1.
– Da ist nun Kiew!
So rief ein junger Mann, Joseph Schwarz mit Namen, als er in die altertümliche Stadt einfahrend, von den Formalitäten am Stadtthor erweckt, sich unverhofft inmitten der Straßen und der städtischen Baulichkeiten erblickt. Das Herz zuckte ihm freudig: – er war jung, lebenslustig, sog also so viel er vermochte die frische Luft in die breiten Lungenflügel und wiederholte mit heiterm Lächeln:
– Da ist nun Kiew!
Die Judenbudka rollte langsam dahin, an jeden hervorragenden Stein anstoßend. Es langweilte Schwarz, länger unter dem Leinwanddache zu hocken. Er befahl also dem Juden nach dem nächstliegenden Gasthofe zu fahren Und ging selbst neben dem Wagen zu Fuß – Eine Menge Leute strömten, wie das gewöhnlich in der Stadt der Fall ist, nach allen Richtungen dahin, die Läden glänzten mit ihren Ausstellungen, Wagen aller Art rollten einander ausweichend die Straßen entlang, Kaufleute, Generäle, Soldaten, Bettler, Mönche glitten rasch vor den Augen des Ankömmlings dahin. Es war ein Markttag, die Stadt hatte also das derartigen Sammelplätzen eigentümliche Aussehen angenommen. Da war nichts umsonst: keine Bewegung, kein Wort ward hier verschwendet.
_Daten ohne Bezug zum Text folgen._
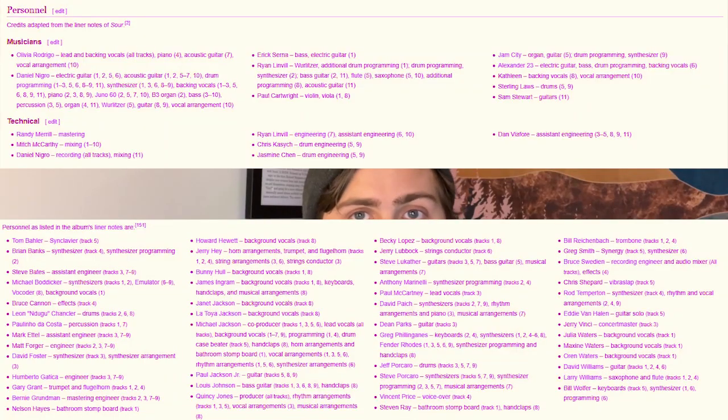Music is kind of in this middle ground because with the recording technology we're afforded these days, one person can conceivably write, produce, engineer, mix, and release a full-length album. On the flip side, you can have an album like Michael Jackson's Thriller or Olivia Rodrigo's Sour, who conceivably have a crew of about 20 people behind the production of that album — and that's not even counting label heads, art direction, or Taylor Swift and Hayley Williams, since Olivia Rodrigo did interpolate their music.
Der Kaufmann jagte seinem Geschäft, der Beamte seinen Funktionen, der Bösewicht dem Betruge nach, alles hatte ein ausgesprochenes Ziel vor Augen, jeder stieß gleichsam das Leben vor sich hin, an morgen denkend, nach etwas strebend ... und über all dieses Stoßen und Treiben, Sausen und Brausen erhob sich eine brennende Atmosphäre, und die Sonne spiegelte sich eben in den blendenden Scheiben der Paläste wie in dem ersten besten Fensterchen.
– Das ist ja ein wahrer Sturm! – dachte Schwarz, der noch nie in Kiew, ja in keiner einzigen großen Stadt gewesen war. – Das nenne ich Leben!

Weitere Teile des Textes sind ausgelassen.